By Saad Asad
Facing a $16 billion shortfall, Gov. Jerry Brown of California passed a budget that makes significant cuts to programs for low-income families and puts tax hikes on the November ballot. Excluded from this rancorous debate was the passage of an oil severance tax, law in states as conservative as Alabama and Sarah Palin’s Alaska.
Oil severance taxes are merely taxes on the extraction of oil. Since the economic activity generated from drilling is only temporal, Californians deserve restitution for the non-renewable energy extraction in the state. A modest tax on California oil extraction could generate up to $380 million. These revenue gains could have helped avoid cuts to child-care subsidies for low-income families ($64 million) and the Healthy Families program ($80 million) during a recent round of budget cuts.
An oil severance tax would only be a small hit to oil companies.
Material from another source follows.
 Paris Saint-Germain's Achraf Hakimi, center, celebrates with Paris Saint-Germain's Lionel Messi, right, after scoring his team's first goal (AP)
Consider the recent profits of California’s major oil companies: Chevron pulled in first quarter profits of $6.47 billion, and Exxon a staggering $9.45 billion. CEOs of these corporations received $35 million and $25 million in total compensation for 2011, respectively.
Because the price of oil is set at the world market, the tax will not be passed on to consumers but will be held by the local producers. Though the introduction of an oil severance tax could lead to a short-run reduction in supply, this reduction will not increase prices at the pump. California is already an oil importer, so the current price already reflects these transportation costs.
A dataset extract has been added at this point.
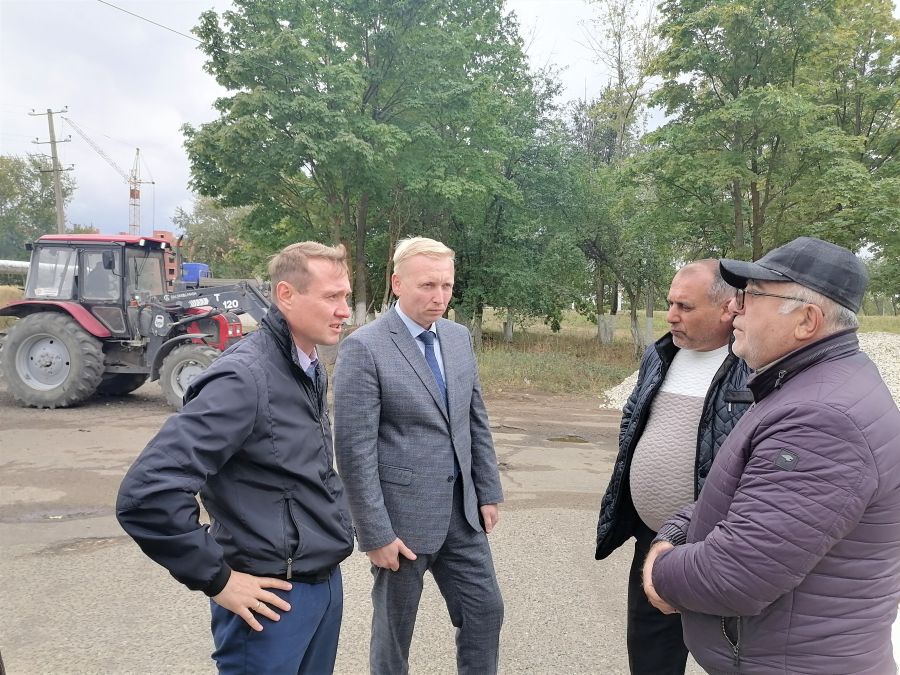 В РУЗАЕВКЕ ПРОДОЛЖАЕТСЯ РЕМОНТ ДОРОГ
Critics argue this tax would reduce current production and discourage new drilling, forcing more oil to be imported and reducing the economic activity generated by oil companies. However, research carried out for Wyoming’s legislature suggests that oil production is highly inelastic in regards to changes to production taxes (i.e. a severance tax). The report finds that, “a production tax rate increase is shown to decrease early period exploration effort, affect little change in reserve additions and future production, and substantially increase discounted tax revenue. Policy implications of this outcome suggest that state officials may consider raising production tax rates as a way to increase revenue while risking little in the way of loss to future oil activity.”
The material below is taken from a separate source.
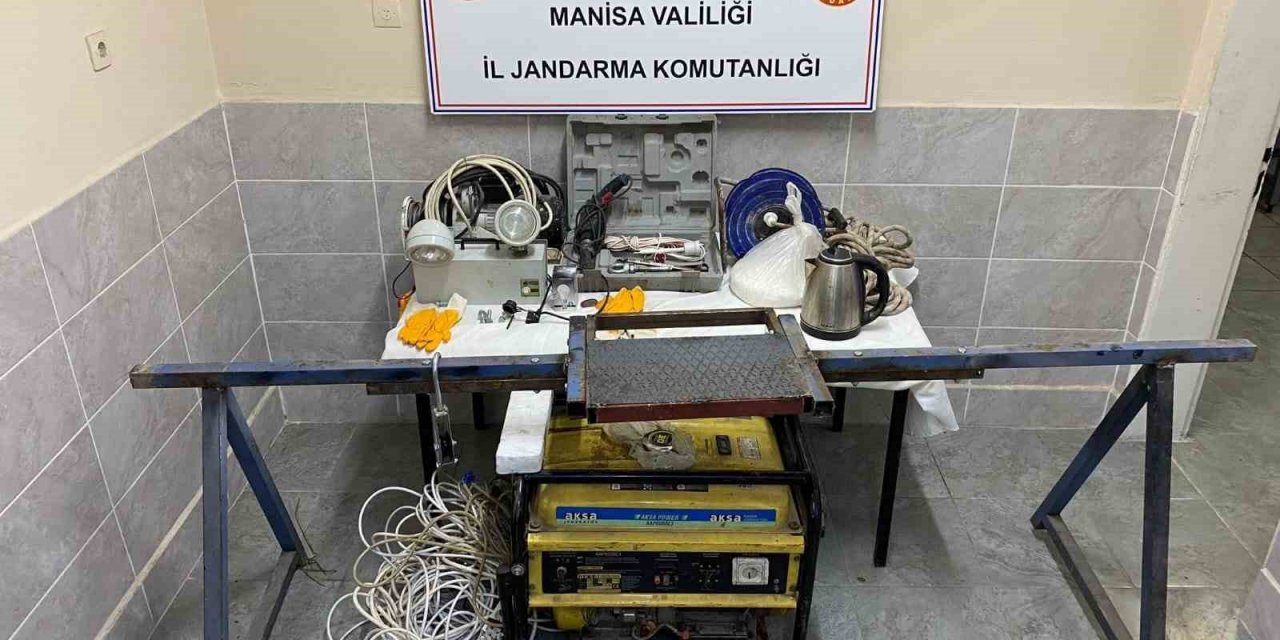 Manisa’da kaçak kazı: 5 gözaltı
A University of Alberta study confirms this inelasticity, staging “the simulations are consistent with prior studies in that they reflect insensitivity of oil production volumes with respect to even comparatively large production tax rate changes.” Headwaters Economics, an independent research firm, claims that price is the ultimate driver of oil production in a state, not tax structure.
Another criticism of oil severance taxes is that aggregate state revenues will decline due to decreases in property tax (via devaluations of land) and income tax liability (via decreased profits). A RAND study disputes this point and argues that property taxes would fall 6 cents per dollar for every dollar collected by the severance tax, and the net revenue for every severance dollar raised would be between 84 and 99 cents.
Despite its positive benefits, oil firms have consistently prevented a severance tax from passing via the legislature or the ballot box. Gov. Pat Brown attempted to pass a severance tax in 1959 but failed, as did then Assemblyman Antonio Villaraigosa in 1995. Proposition 11 in 1980, also an attempt, failed 55%-45%. More recently, oil firms defeated Proposition 87 in 2006 by spending $93 million, the most expensive ballot in state history (for perspective: both sides of the same-sex marriage Proposition 8 battle spent a total $70 million).
If California wants to pass an oil severance tax, it needs legislators tough enough to stand up to the vigorous oil lobby. Though the campaign may be tough, it is necessary if the state wishes to save programs for low-income Californians and prevent budget cuts to K-12 or higher education.